Haiku’s attributes are also a neat way to implement such a system
without having to maintain a separate database of installed
applications: when you install an application, it will automatically be
picked up by the updater when it uses an index to find all the
applications on a system, and when you remove the application file, its
entry will of course be removed from the file system index. Much of the
metadata such as the installed version and the location where to look
for updates can also be neatly kept part of the application executable
If you do not get the chance to work on the project you applied for is there another area that interests you?
The partition table editor sounded pretty interesting, but I see there’s
already someone working on that.
Is there anything Haiku (as an organization, website, community, individuals, any facet of Haiku) could’ve done differently to help you as an applying student?

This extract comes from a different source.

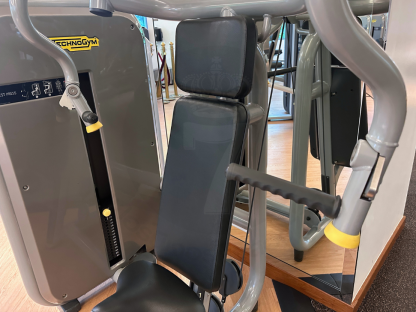 1 เครื่องฝึกแผ่นอก แบรนด์ Technogym Chest Press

I can’t think of any improvements. The application template was good, it
quickly got you going with writing the application.
Was anything overly complicated or discouraging?
No, I don’t think so.
Do you have any suggestions or constructive criticism for the people involved with Haiku’s participation in GSoC?

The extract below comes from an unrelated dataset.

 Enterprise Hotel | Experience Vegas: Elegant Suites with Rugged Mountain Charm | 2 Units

No, no bigger flaws in how Haiku handled GSoC, and if there were smaller
ones, I’ve already forgotten them.
Besides Haiku, did you apply to any of the other orgs involved with GSoC? If so which ones?
No, I only applied for Haiku
Would you be interested in a possible Haiku Code Drive?

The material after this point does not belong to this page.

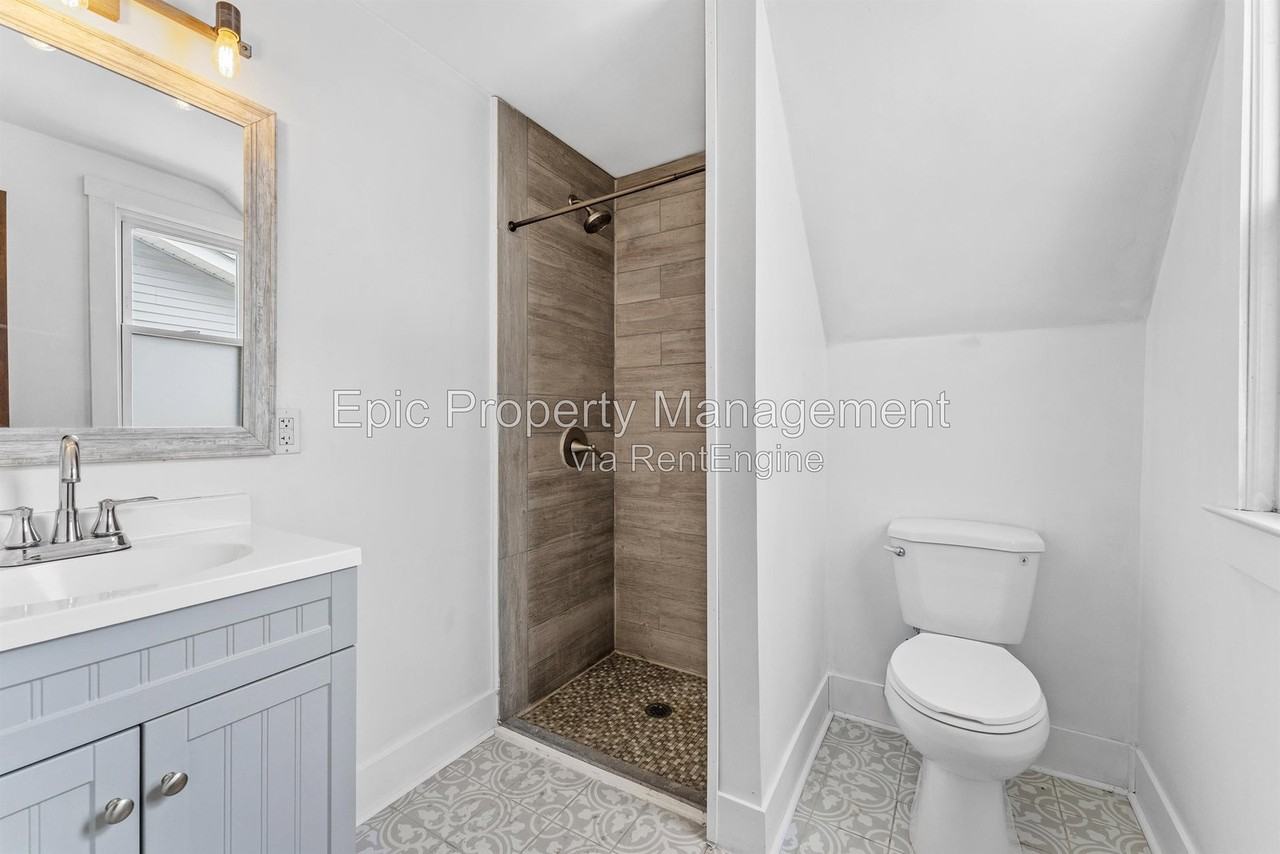 810 Plum St - Photo 4 of 13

Yes it does sound interesting.
What influenced your decision to become a programmer?
I’ve always been fascinated by computers, and it was nice to see my own
code running and doing things on the machine. I’m not sure if I’d call
myself a programmer, though, since I haven’t had time to do many bigger
What is/are your language(s) of choice?
As I said I haven’t had much time for programming, but from playing with
it a little, Python does seem nice. As far as I know, Bethon, the Python
bindings for the Be API, isn’t quite up to the task on current versions
of Haiku and Python, so for Haiku software the choice would be C++.
Did you work on any open Haiku tickets, and if so which ones and what was your overall impression on the code you worked on? Any plans to try working on other open items?
Yes I did work on my own patch in #2389 to make an alternative
implementation to rename the title of a tab in the terminal application.
For the most part the code seemed quite easy to understand, even though
it was virtually uncommented. There were also some small style issues
like the header files having inconsistent indentation, but generally the
code seemed pretty good.
It was quite nice to work on that, I may look for other small items in
the future to work on as time permits.